I've seen their starting lineup against Derby (again, not to be confused with derby matches). The reason why I didn't choose to refer to their last game is very simple: It's an away game. It doesn't matter whether it's Brentford or Bradford. The difference between away games and home games tend to be the strategic approach. While it's not a hard-and-fast logic, I find using Derby as a reference to be a better gauge. Home game? Check. A potential rival for promotion? You got it right.

Two players stand out for me. Samuel "not to be confused with Samus Aran" Sáiz Alonso and Kemar "he will never hoof it to the roof" Roofe. Two players, one similar mould. I'm talking about the fact that they can play anywhere in the firing line. Winger? Yep. Forward? You got it. Attacking mid? Double confirm plus triple affirm. To me, they are the ones holding the key to whether their boss will be Hrothgar or Beowulf (ofc it goes without saying that the Welsh Monk will be welcomed like Unferth instead of Beowulf). One in hole 9, the other out wide. So long there's a way for them to hold down the ball, it's three men against two. Let's do the maths here (based on the Derby match).

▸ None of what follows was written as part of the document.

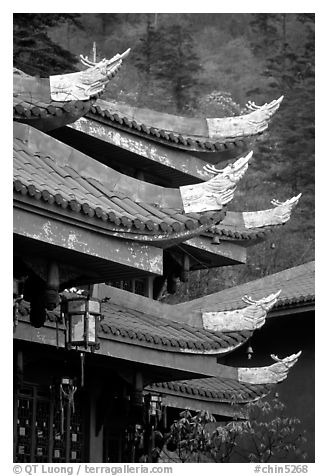 Roof detail of Jieyin Palace. Emei Shan, Sichuan, China (black and white)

Us: Grant the Leadbiter and Jonny the Howitzer
Them: The male Samus Aran, the badass from Kedar, and a 6 ft+ Hamburglar.

In the game of football where 90 mins of action (minus the whistle and stoppage time) is also known as the Ninety Minutes War (not to be confused with the Hundred Years War where Edward of Woodstock made his name as a military legend). Simply put, the players are the soldiers. Three versus two on a flat terrain, we will be brutally murdered. No questions asked, only hanged, drawn, and quartered. If we cannot establish a stranglehold via a central triangle, we're... well, hanged, drawn, and quartered. Our man in the hole 9 needs to up his game. Those playing in the holding mid must up their game.

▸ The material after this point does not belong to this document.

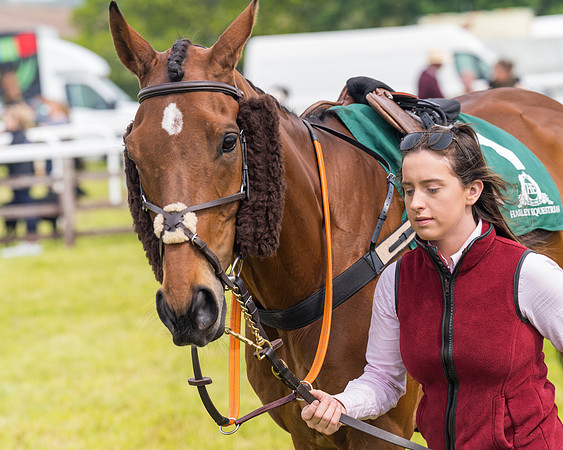 Race 2 - Owner-Trainer Conditions  (10 of 208)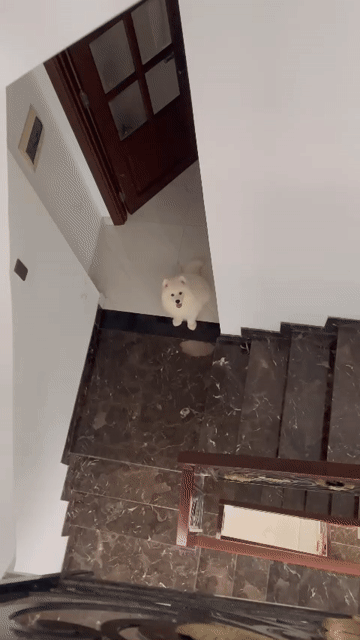 Chó Samoyed đực trắng đã tiêm. Mua bán Chó tại Quận 8 Tp Hồ Chí Minh được đăng bởi Trương Tín hình 1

Special spotlight: Getting it right at the back via the rightback
Miley Cyrus "neither Malcolm nor a Persian" Christie is officially banned from this match. It's like imagine Miley "not a citrus" Cyrus Christie getting a MTV Awards ban over whatever WTH moment she pulled off. I'm not sure if the latter case did happen (or even whether Adam "not a Christopher" Lambert got banned over... well, I'm not gonna say it), our Christie did get the ban. The equation is very simple: It doesn't matter which Cyrus you are. 5 WTH moments and the banhammer comes (1-2 such moments if you're actually crazy enough).

Therefore, it's going to be a toss-up between Fábio and the Shotgun. The former has undergone quite a few criticism over his inconsistency. While it'd be unfair to call him the defensive version of Adama "hopefully not a Djimi" Traoré, getting exposed like Harvey Weinstein is not a joke. In this sense, he's lucky the boss is now a Welsh (Monk) instead of the previous one from Basque. Otherwise, Karanka would have him busking in the streets of Basque. Against Leeds, the Welsh Monk is in for a fix. Should it be a Brazillian gunning forward or a Shotgun holding down the ammo? This is not just a decision to decide who gets to start. More importantly, this is a strategic decision where the Welsh Monk may live or die as a result.

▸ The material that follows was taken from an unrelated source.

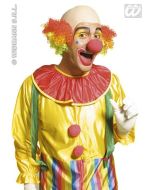 Perruque adulte "clown" - rouge / vert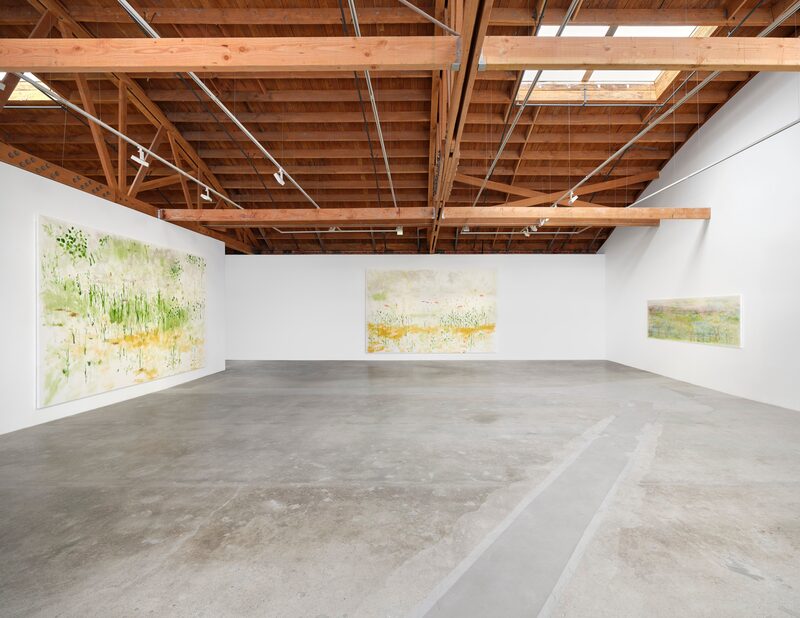 Trevor Shimizu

Tbh, I tried flipping the tactical board around. Not physically, but in my head. It's not good news. I'm referring to the fact that Roofe will be having a go at bringing the roof down on us.

P.S: Before I end this post, I need to inform our Welsh Monk on two things: Their four by two and the likelihood that the great Dane of the Mediterranean will employ a ball anchor out wide. By my own guess, that's where Leeds will try to hold it down and play it forward.

Saturday, 14 October 2017

Salted fish, turtle, and Lukaku

Okay, we're now back from the international break (and together with it, the excruciating process of watching British football). At the same time, I hope our Welsh Monk won't take the Welsh job. Let's be frank. Have we ever seen a Chinaman named Darth Vader before? Well, I dunno.

Before I start, please skip the part below if you're a fellow Boro-ther in arms
Recently, the women in my nation and those across the Atlantic made the headlines for all the... well, I don't know how to phrase it. Long story short, Harvey Weinstein may well end up becoming Harvey Grabstein while Park Ju-won became AWARE's pride in the same way the Hwaseong Fortress is the pride of Suwon. Now let me just say that what happened to Jang Ja-yeon shouldn't happen to anyone. You wouldn't want to make Der Wolf angry.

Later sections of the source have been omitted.